Un écart de conduite, mais pas un scandale
Il n'y a pour l’instant aucune preuve d'abus de pouvoir, fait observer Der Standard :
«La Commission européenne semble voir les scandales, et cas de corruption présumés se succéder sans cesse, ce qui ternit peu à peu sa réputation. A la lecture des grands titres sur l’affaire Neelie Kroes et les récentes révélations des 'Bahamas-Leaks', c’est en tout cas l’impression qui nous gagne. ... Elle a omis d’indiquer, comme elle aurait dû le faire, qu’à partir de 2000, c’est-à-dire bien avant son mandat, elle fut directrice jusqu’en 2009 d’une société écran, soit une violation indéniable du code de bonne conduite. Bien qu’elle ait commis une faute, il faut veiller à ne pas en faire un énorme scandale pour l’Union. Apparemment, Kroes n’a jamais tiré profit de ce travail aux Bahamas, qui n’est resté qu’un projet. Et en tant que commissaire à la concurrence, elle s’est montrée particulièrement compétente, en tenant tête à des sociétés comme Microsoft avec un aplomb remarquable. Jusqu’à aujourd’hui, rien n'indique qu'elle s'est rendue coupable de malversation personnelle ou même d’abus de pouvoir en tant que commissaire.»
Les politiques de l'UE ne peuvent pas en faire qu'à leur tête
Neelie Kroes nuit à l’image de l’UE, tout comme l’ex président de la Commission Manuel Barroso, déplore De Volkskrant :
«Encore un coup porté à la réputation de la Commission européenne. Comment les tentatives de combattre l’évasion fiscale peuvent-elles rester crédibles si une ancienne commissaire de l’UE était active dans un paradis fiscal ? Les Européens étaient déjà nombreux à avoir l’impression que la Commission représentait davantage les intérêts des industriels que ceux des citoyens lambda…. Les commissaires européens doivent tout faire pour montrer qu’ils sont à l’écoute des citoyens. Ils doivent faire preuve de l’intégrité la plus exemplaire … Ce qui signifie également que les anciens commissaires européens ne peuvent pas faire tout ce qu’ils veulent. Ils doivent à tout prix éviter les activités qui écornent encore davantage l’image de l’UE a posteriori.»

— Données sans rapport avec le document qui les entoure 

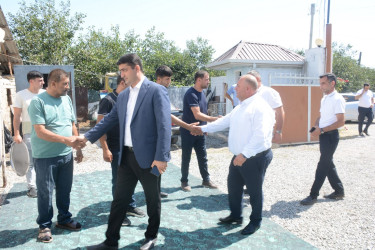 Tərtərdə Birinci Qarabağ müharibəsi əlili Sədrəddin Orucovun yas mərasimi keçirilib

Faire cesser le jeu des portes tournantes
Indépendamment des activités de Kroes aux Bahamas, la transition entre la politique et la finance doit être mieux réglementée, fait valoir La Vanguardia :
«Cette affaire pointe du doigt les problèmes récurrents posés par l'effet tourniquet, d’autant que l’ex-commissaire perçoit actuellement de l’argent pour ses interventions en tant que conseillère à la Bank of America et Uber [service de taxi]. Dans ce contexte, le scandale le plus éclatant nous a été livré par l’ancien président de la Commission José Manuel Durão Barroso, qui est entré au service de la puissante banque d’investissement Goldman Sachs à l'issue de son mandat à Bruxelles. … Cette réputation écornée de l’institution européenne est un coup dur supplémentaire porté à un projet européen déjà chancelant. La Commission doit davantage contrôler le respect du code d’éthique par ses commissaires, et durcir sa réglementation pour éviter cet effet tourniquet.»